┌────────

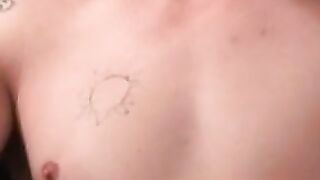 Tattooed stallion jerks off his cock in passionate solo act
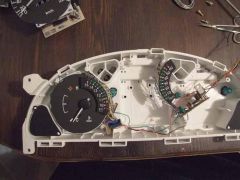 Крепление вольтметра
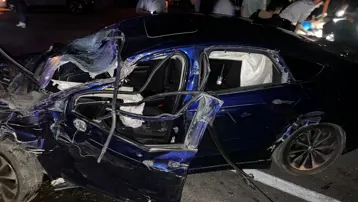 Otomobil TIR'a ok gibi saplandı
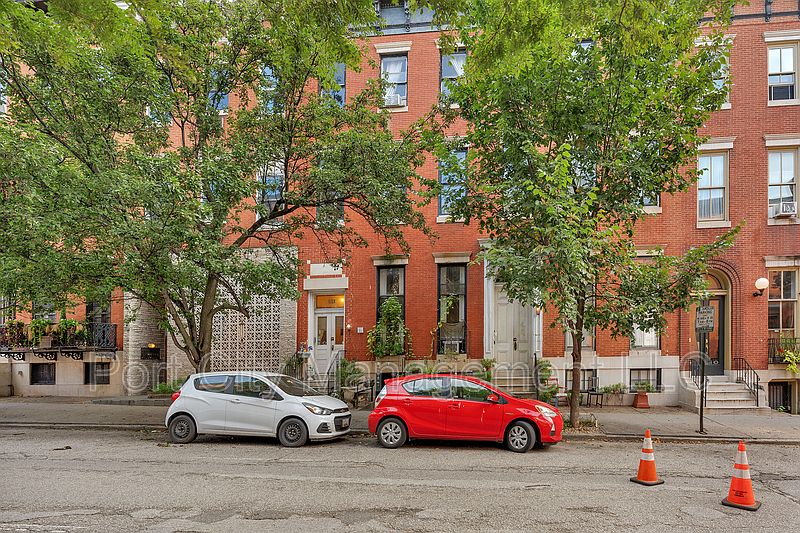 1st image of 931 Saint Paul St APT 2F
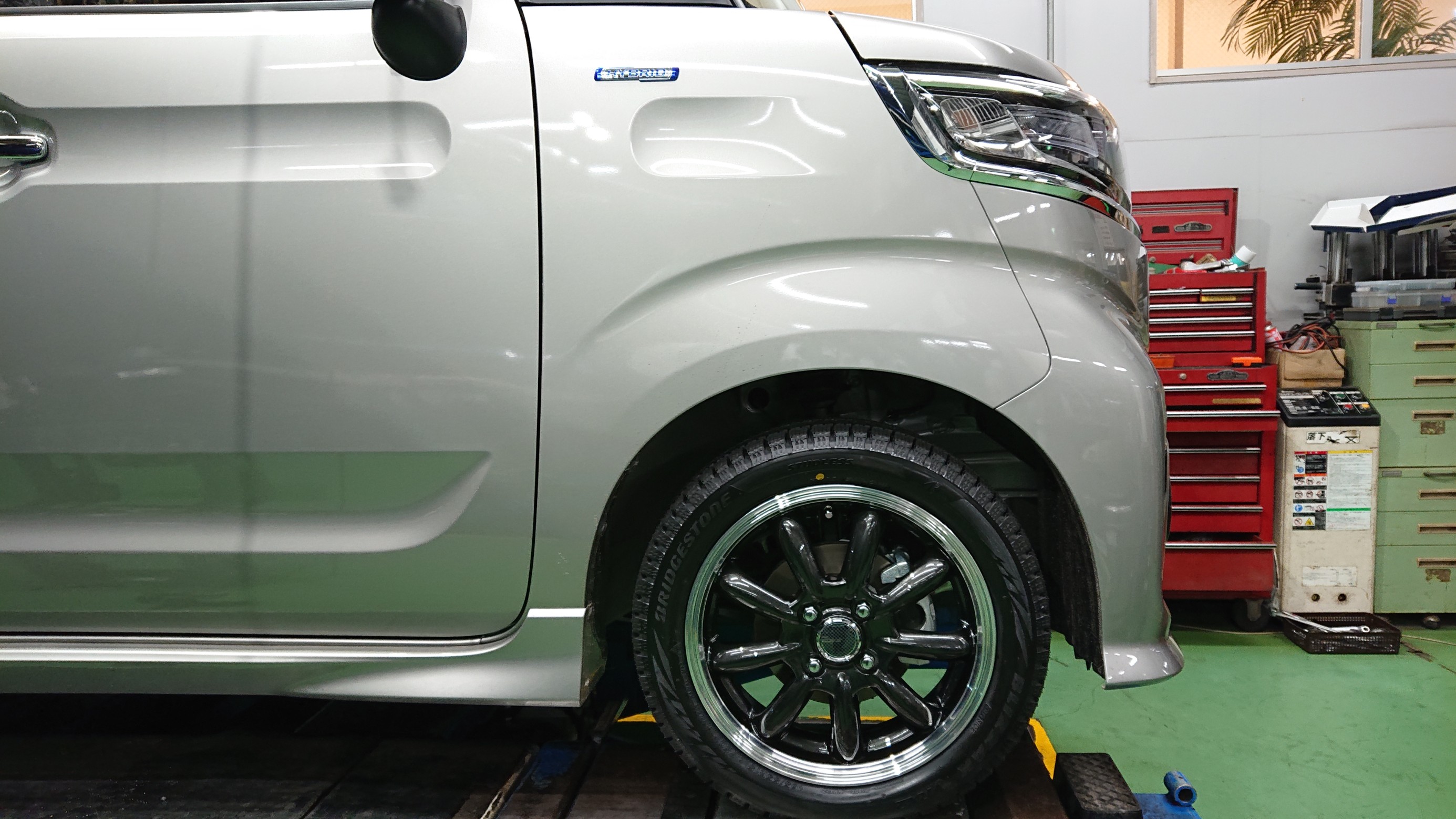 スタッドレスタイヤ(スペーシア)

└────────

▶ [WHAT YOU WILL DO]
What is needed is an exact copy of the lines from the one with "1st image of 931 Saint Paul St APT 2F" through the end of the data above, both included, minus any pictures.

▶ [EXERCISE RESULT]
 1st image of 931 Saint Paul St APT 2F
 スタッドレスタイヤ(スペーシア)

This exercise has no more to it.